PROKOFIEV Symphony No 5. Piano Concerto No 3

Record and Artist Details

Composer or Director: Sergey Prokofiev

Genre:

Orchestral

Label: Mariinsky

Media Format: Super Audio CD

Media Runtime: 71

Mastering:

DDD

Catalogue Number: MAR0549

MAR0549. PROKOFIEV Symphony No 5. Piano Concerto No 3

Tracks:

Composition Artist Credit
Symphony No. 5 Sergey Prokofiev, Composer
Mariinsky Orchestra
Sergey Prokofiev, Composer
Valery Gergiev, Conductor
Concerto for Piano and Orchestra No. 3 Sergey Prokofiev, Composer
Denis Matsuev, Piano
Mariinsky Orchestra
Sergey Prokofiev, Composer
Valery Gergiev, Conductor
If their brutalisation of Prokofiev’s Third Piano Concerto is anything to go by, Valery Gergiev’s partnership with Denis Matsuev threatens to bring out the worst in both artists.

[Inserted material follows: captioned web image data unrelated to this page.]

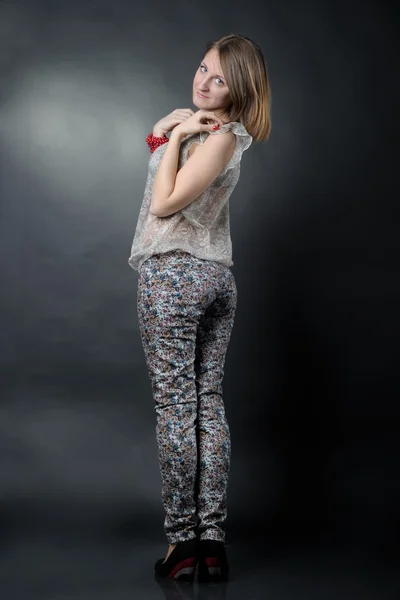 Slim girl posing — Stock Photo, Image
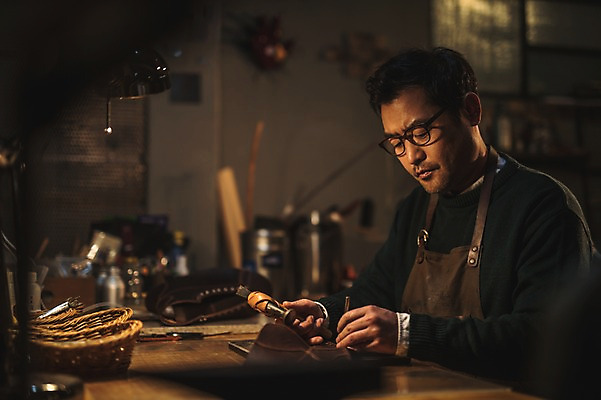 포토 JPG 응시 남자 40대 중년 신발 탁자 전등 실내 한명 사람 상반신 옆모습 한국인 도구 구멍 작업실 가죽 수제화 중년남자한명만 가죽공방 뚫기 국내포토 1 시선 뷰포인트 가구 모션 조명 동양인 성인 내부 공예 남자한명만 중년남자만 파일형식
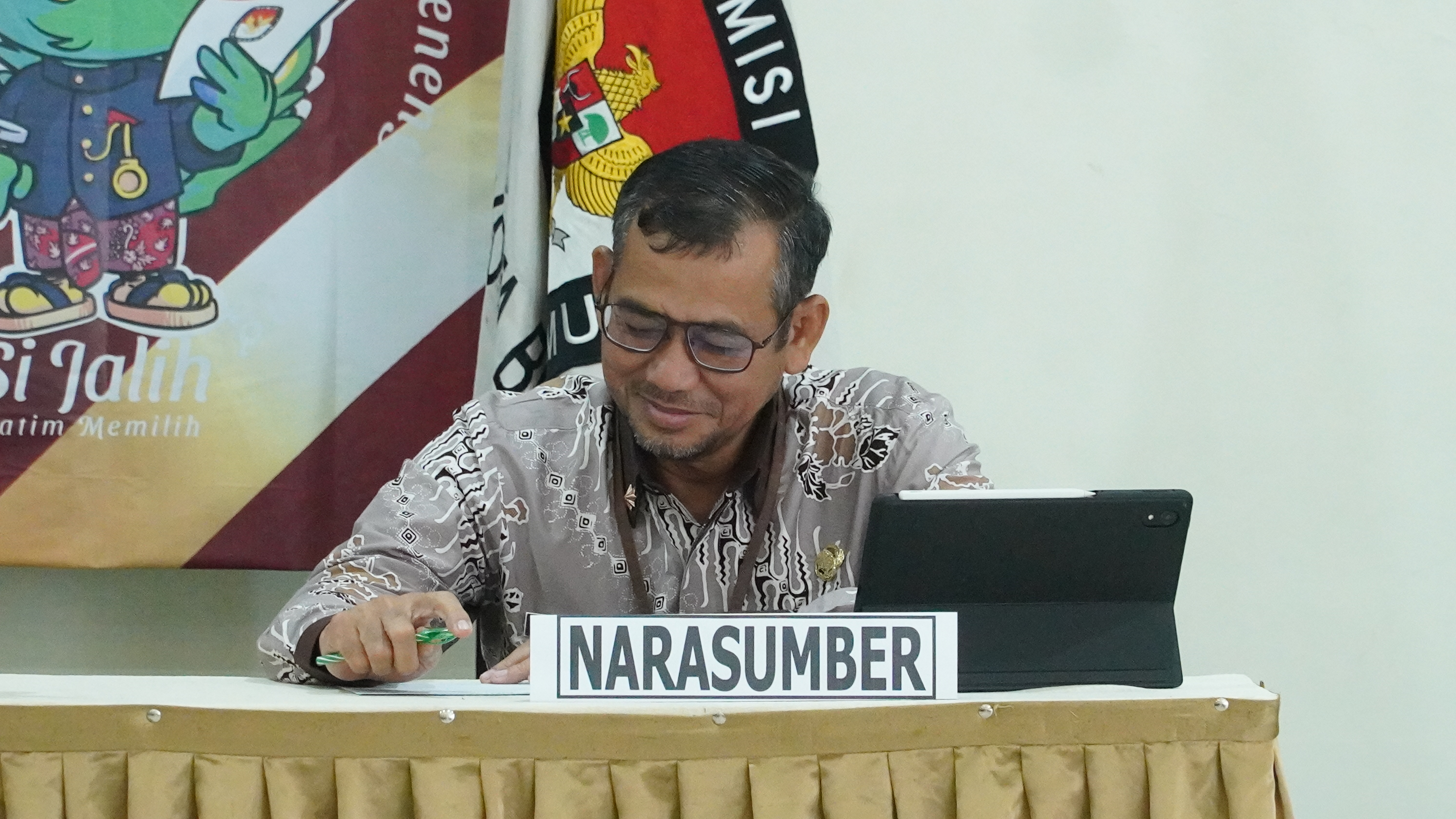 Rapat Evaluasi Kehumasan dlm Pemilihan Gub Wakil Gub walikota wakil walikota blitar thn 2024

The conductor’s earlier Prokofiev concerto collaborations with Alexander Toradze are sometimes criticised for their heavy-handedness but this is something else again. Matsuev’s volcanic virtuosity overshadows his subtler side to an extent one might have thought impossible in this repertoire, while unsympathetic miking lends his piano a hard, bright dazzle. Perhaps it was because I had come from listening to two relatively self-effacing advocates of the work that such a high-speed, high-decibel harangue seemed so often beside the point. This is after all music only partly Russian and never ‘Soviet’ in spirit. In St Petersburg in 2012 there are passages in which every accent and rhythmic nuance is made crystal-clear, others in which the stabbing emphases make little sense, the general clamour not so much thrilling as exhausting. Matsuev has an unarguably staggering technique. But then so too does Nikolai Lugansky in his altogether quieter rendering under Kent Nagano. Jean-Efflam Bavouzet is different again, dapper and insouciant. Neither merely hammers away.

Raucous as it is in spots, Gergiev’s latest performance of one of his favourite symphonies proves less extreme. At the start of the first-movement development, activity is stilled and the maestro coaxes a surprisingly Romantic response from the Mariinsky strings, the first of several such moments. Set alongside his earlier reading with the LSO, part of a variable, sometimes blazing Prokofiev symphony cycle captured live in 2004, Gergiev would appear to have mellowed, his first and third movements less ruthlessly driven. Just don’t expect the smoother flow promoted by the Westerners cited below. The interpretation remains unambiguously Russian, a thing of dramatic gestures and rough-edged sonorities. The symphony alone was recorded away from the orchestra’s home base during 2012’s Moscow Easter Festival. Applause is excised.